Straight pride is a slogan that arose in the 1980s and early 1990s that has primarily been used by social conservatives as a political stance and strategy. The term is described as a response to gay pride adopted by various groups (later united under the moniker LGBT) in the early 1970s, or to the accommodations provided to gay pride initiative.

Straight pride backlash incidents have generated controversy and media attention. School policies and court decisions regarding freedom of expression have drawn particular attention, spotlighting individuals protesting school expressions against harassment of LGBTQ adolescents.

Background

Stonewall riots spark gay pride 

LGBTQ history traces back to ancient civilizations, but the term gay pride is usually associated with the modern LGBTQ rights movement that was sparked by the 1969 Stonewall riots in New York City. Newspaper coverage of the events was minor, since, in the 1960s, huge marches and mass rioting had become commonplace and the Stonewall riots were relatively small. It was the commemorative march one year later that drew 5,000 marchers up New York City's Sixth Avenue, that got nationwide publicity and led to modern-day LGBTQ pride marches. A new period of liberalism in the late 1960s began a new era of more social acceptance for homosexuality which lasted until the late 1970s. In the 1970s, the popularity of disco music and its culture in many ways made society more accepting of gays and lesbians.

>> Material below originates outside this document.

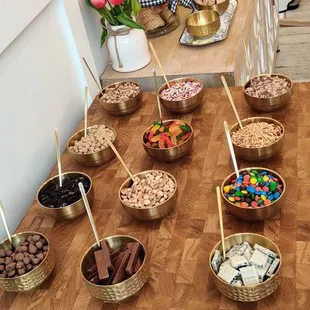 Toppings Ice Cream Bar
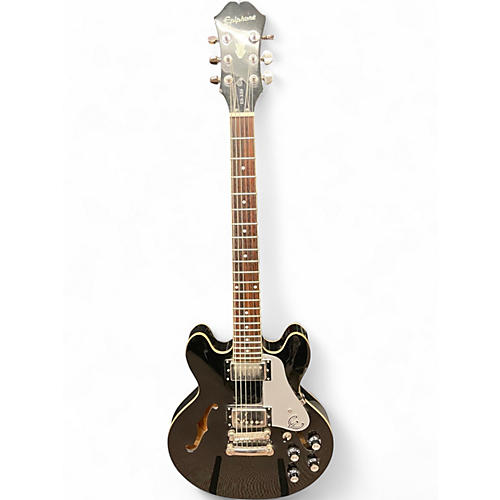 Used Epiphone ES339 Pro Black Hollow Body Electric Guitar Black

Late in 1979, a new religious revival among conservative Catholics and evangelical Protestants ushered in the conservatism politically aligned with the Christian right that would reign in the United States during the 1980s, becoming another obstacle for the progress of the LGBTQ rights movement. During the HIV/AIDS epidemic of the 1980s, LGBTQ communities were further stigmatized as they became the focus of mass hysteria, suffered isolation and marginalization, and were targeted with extreme acts of violence.

Straight pride as an appeal to ridicule 

The concept of LGBTQ pride originates as a movement which seeks to challenge the negative images of LGBTQ people by being openly identified with a culturally stigmatized group; as such, it creates a discomfort.

In this context, the terms straight pride and heterosexual pride have been used as an argument criticizing gay pride as unnecessary, stating by contrast with heterosexuality that heterosexuals "don't talk about straight pride", don't have "straight pride rallies", and would be seen as ridiculous if they were to "band together and have a heterosexual pride [...] parade".

This appeal to ridicule argument expresses the idea that showing pride for LGBTQ orientations is equally absurd. Analysts of LGBTQ rights state as a counter-argument that mainstream culture offers many approved social venues (weddings, baptism, family reunions and so on) for heterosexuals to express and celebrate their sexual orientation in public, while LGBTQ individuals feel more isolated and pride parades offer them support and an opportunity for socializing.

Straight pride events 
Heterosexual pride parades exist as a response to societal acceptance of LGBTQ visibility, and originated in campuses in the 1990s as a backlash tactic.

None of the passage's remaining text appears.